Cinquecentesca, a pianta quadrata, costruita forse su progetto di
Gaetano Alessi, presenta splendidi appartamenti oggi visitabili assieme
all`annesso museo dedicato al grande inviato del Corriere della Sera
Vittorio Rossi. Assai venerato il Santuario di S. Maria della Rosa le
cui origini si perdono nel nel XII secolo quando, nella chiesa di Santa
Margherita di Antiochia, si venerava una statua di Maria con il Bambino
in braccio ed una rosa nell'altra mano. L`attuale Basilica, secentesca,
conserva altre importanti opere d`arte di scuola genovese.
Suggestive le visite alla Badia Benedettina di Cervara, del XIV
sec., sulla strada che va a Portofino, e a S.Lorenzo della Costa (che
ha ispirato alcuni versi del Petrarca) di origine romanica, ma
ricostruita in epoca barocca, che conserva importanti opere d`arte di
scuola fiamminga e genovese.
Una striscia di terra fra il monte ed il mare, segnata dall`Aurelia e dalla ferrovia.
Una terra dura, aspra dove non cresce il grano ed ove le colture, terrazzate, schiantano la schiena agli operai.
Terra di uliveti, vigneti e di fragranti verdure ma povera di risorse, di grandi navigatori e di emigranti.
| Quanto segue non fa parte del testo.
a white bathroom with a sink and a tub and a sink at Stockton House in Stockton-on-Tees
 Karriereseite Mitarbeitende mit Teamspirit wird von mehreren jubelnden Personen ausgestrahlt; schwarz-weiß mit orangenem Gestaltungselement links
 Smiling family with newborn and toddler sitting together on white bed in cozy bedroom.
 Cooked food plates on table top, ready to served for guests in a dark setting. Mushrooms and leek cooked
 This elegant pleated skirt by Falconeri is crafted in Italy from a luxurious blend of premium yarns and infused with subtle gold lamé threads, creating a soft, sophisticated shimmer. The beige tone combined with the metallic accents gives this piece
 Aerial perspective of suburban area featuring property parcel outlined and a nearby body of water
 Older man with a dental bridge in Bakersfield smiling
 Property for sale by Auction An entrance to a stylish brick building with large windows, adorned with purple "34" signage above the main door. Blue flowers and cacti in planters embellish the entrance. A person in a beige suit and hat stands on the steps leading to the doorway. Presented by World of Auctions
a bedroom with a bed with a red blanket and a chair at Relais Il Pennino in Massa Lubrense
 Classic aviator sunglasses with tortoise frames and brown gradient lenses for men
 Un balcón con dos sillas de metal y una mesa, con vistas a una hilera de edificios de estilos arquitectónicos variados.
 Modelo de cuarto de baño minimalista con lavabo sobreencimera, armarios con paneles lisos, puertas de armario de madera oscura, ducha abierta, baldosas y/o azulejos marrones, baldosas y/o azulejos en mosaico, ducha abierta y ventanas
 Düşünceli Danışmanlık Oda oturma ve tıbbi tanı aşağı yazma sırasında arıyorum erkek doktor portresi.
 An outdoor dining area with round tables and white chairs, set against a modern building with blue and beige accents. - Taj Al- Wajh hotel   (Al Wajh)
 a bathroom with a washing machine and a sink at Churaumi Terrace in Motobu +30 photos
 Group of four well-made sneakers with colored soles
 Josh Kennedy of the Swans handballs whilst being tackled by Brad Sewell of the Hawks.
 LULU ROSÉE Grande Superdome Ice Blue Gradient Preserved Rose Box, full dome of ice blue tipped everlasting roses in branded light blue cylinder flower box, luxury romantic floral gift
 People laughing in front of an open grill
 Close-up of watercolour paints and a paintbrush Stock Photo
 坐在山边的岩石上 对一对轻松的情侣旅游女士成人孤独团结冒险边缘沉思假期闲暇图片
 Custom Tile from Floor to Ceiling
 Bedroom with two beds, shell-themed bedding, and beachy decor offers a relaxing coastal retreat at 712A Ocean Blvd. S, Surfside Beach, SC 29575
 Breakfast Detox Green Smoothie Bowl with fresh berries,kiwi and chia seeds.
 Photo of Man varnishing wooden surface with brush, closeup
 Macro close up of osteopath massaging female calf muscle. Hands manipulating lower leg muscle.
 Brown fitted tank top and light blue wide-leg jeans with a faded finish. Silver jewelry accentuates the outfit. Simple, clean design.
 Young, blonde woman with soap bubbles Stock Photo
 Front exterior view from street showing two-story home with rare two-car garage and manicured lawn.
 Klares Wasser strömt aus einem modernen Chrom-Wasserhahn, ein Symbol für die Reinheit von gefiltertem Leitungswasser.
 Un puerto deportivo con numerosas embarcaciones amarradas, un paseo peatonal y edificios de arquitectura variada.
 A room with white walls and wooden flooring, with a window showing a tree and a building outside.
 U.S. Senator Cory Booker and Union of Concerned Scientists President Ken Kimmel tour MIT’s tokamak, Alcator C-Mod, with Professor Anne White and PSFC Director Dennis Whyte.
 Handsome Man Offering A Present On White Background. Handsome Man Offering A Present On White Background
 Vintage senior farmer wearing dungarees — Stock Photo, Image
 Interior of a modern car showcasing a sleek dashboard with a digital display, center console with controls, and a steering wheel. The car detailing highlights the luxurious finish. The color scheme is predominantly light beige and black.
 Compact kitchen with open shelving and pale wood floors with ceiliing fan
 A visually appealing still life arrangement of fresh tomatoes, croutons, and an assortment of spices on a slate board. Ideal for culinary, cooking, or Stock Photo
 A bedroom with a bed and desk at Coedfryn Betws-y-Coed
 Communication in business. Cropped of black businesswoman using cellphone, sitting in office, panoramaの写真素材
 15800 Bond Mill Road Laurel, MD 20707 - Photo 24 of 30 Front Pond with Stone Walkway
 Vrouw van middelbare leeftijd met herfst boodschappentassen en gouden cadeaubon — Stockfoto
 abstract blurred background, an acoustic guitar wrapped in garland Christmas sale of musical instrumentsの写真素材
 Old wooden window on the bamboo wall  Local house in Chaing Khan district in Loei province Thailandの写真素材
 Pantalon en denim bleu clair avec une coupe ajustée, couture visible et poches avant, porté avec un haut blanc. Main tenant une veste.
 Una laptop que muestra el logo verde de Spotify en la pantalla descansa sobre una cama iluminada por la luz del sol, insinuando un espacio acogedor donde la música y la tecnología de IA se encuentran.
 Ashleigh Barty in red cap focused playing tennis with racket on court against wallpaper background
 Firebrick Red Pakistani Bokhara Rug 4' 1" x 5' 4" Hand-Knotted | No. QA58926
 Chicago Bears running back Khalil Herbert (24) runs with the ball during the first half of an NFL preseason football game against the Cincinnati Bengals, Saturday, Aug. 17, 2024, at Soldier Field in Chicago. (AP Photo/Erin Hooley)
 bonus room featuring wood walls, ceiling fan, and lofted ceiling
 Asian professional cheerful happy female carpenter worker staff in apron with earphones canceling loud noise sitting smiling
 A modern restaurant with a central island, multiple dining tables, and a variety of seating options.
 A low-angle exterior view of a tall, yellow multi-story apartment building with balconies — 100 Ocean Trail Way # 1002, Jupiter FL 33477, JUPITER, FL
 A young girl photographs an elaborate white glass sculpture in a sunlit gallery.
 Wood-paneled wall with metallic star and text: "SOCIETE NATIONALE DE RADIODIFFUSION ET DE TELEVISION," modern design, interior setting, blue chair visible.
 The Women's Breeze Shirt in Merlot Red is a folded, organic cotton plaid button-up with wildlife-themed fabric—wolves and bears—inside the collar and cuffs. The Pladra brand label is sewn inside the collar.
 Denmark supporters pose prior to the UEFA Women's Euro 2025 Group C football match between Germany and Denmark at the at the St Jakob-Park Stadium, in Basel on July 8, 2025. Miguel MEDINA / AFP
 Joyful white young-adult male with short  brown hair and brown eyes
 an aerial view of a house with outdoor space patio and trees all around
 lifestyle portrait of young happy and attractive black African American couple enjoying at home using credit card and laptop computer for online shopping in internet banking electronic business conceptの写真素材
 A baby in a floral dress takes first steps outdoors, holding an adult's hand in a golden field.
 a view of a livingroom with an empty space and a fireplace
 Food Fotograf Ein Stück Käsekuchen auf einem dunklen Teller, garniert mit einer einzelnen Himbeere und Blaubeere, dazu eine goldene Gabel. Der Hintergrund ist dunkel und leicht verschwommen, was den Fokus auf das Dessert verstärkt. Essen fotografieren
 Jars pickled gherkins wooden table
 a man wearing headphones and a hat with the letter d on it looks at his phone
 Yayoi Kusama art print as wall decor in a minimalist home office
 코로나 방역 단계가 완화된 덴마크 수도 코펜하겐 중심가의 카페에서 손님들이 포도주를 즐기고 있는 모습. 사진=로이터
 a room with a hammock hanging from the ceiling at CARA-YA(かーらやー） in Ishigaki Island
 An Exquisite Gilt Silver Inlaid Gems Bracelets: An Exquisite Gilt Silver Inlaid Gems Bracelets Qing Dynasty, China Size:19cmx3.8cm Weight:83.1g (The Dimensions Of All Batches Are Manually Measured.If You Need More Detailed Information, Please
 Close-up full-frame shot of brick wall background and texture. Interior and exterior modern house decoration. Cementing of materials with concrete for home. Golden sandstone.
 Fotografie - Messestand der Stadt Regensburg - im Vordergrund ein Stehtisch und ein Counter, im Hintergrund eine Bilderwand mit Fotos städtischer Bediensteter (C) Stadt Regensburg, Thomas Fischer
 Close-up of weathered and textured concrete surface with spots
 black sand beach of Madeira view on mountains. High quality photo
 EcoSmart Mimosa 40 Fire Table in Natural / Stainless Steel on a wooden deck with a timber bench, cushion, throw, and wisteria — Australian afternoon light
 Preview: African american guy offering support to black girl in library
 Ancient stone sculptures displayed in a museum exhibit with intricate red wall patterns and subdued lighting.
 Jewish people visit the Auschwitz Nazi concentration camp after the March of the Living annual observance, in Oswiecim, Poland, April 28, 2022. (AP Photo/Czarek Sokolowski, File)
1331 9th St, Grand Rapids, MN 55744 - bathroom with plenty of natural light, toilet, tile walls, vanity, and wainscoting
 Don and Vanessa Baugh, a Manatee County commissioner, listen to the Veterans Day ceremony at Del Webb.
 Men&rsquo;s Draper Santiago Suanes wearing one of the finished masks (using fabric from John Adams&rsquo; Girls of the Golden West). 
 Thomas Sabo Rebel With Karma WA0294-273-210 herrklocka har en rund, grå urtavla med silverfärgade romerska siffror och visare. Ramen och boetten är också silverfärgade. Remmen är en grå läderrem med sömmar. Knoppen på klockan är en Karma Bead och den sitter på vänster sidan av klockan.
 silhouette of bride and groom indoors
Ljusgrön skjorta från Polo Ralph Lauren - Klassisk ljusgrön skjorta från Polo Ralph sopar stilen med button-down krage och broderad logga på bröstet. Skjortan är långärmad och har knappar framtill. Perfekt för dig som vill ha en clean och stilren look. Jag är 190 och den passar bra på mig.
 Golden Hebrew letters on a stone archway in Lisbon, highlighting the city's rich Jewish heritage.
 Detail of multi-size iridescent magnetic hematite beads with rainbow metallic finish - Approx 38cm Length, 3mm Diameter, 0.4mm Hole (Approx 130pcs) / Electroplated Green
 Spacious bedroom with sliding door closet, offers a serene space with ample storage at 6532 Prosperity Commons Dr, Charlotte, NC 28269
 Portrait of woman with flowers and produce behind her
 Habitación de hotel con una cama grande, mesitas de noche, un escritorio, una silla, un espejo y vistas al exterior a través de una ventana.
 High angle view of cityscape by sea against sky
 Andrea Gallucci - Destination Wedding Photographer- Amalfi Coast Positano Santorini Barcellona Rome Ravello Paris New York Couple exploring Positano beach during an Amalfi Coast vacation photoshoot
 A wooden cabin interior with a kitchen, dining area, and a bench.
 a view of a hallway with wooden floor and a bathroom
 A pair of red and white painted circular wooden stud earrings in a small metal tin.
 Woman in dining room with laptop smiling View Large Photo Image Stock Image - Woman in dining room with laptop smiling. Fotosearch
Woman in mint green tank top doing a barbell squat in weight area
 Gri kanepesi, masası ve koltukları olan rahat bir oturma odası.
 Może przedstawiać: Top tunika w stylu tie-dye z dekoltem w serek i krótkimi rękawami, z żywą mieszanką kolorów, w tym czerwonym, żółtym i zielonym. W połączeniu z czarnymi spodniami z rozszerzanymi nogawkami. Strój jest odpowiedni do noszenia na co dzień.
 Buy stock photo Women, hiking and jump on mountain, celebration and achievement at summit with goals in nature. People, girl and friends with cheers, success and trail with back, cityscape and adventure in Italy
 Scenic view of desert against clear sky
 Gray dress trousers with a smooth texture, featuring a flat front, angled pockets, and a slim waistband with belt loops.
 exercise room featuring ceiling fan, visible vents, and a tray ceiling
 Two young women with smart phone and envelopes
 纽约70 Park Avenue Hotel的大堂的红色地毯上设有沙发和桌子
Due riviere: di Ponente e di Levante con in mezzo Genova, la Superba
Repubblica Marinara signora dei commerci con l`oriente, patria di
grandi condottieri ed Ammiragli che, dopo aver sconfitto il turco, con
Colombo andava alla scoperta di nuovi orizzonti.
Terra ritrosa, riservata, da scoprire passo a passo seguendo la
consolare che spesso lascia il mare per inerpicarsi per pendii
trasformati in giardino dal lavoro di tante generazioni.
Gastronomicamente una regione unica che può contare sul pesce del
Tirreno dalle cui varietà più povere ha saputo trarre vere e proprie
leccornie come le celebri acciughe sotto sale, la bottarga di tonno ed
il "musciame", cioè filetto di carne di tonno essiccato che si consuma
tagliato a fette sottili condito con fragrante olio di oliva teggiasca.
L`olivo infatti è onnipresente, abbarbicato ai pendii fra muretti a
secco e produce un olio leggero e profumato, a bassa acidità.
Ma la nota caratteristica della cucina ligure, grazie ad un clima
mite sono le erbe, croccanti, profumate, uniche: la maggiorana, la
menta, la borragine, la salvia ed il rosmarino.
Discorso a parte merita il basilico, forse il migliore ed il più
profumato d`Italia, che è l`ingrediente principale per il famoso
"pesto", uno dei condimenti per la pasta più conosciuti.
Ancor oggi la coltivazione della vite avviene a terrazzamenti con
sentieri impervii ma i risultati di una produzione vinicola difficile
sono eccezionali.
Ricordiamo il "vermentino" (una varietà di malvasia arrivata dalla
Spagna), il "ciliegiolo", la "vernaccia" ed il "trebbiano" qui emigrati
dalla vicina Toscana mentre dal confinante Piemonte, vero retroterra
della regione, è trasmigrato il "dolcetto".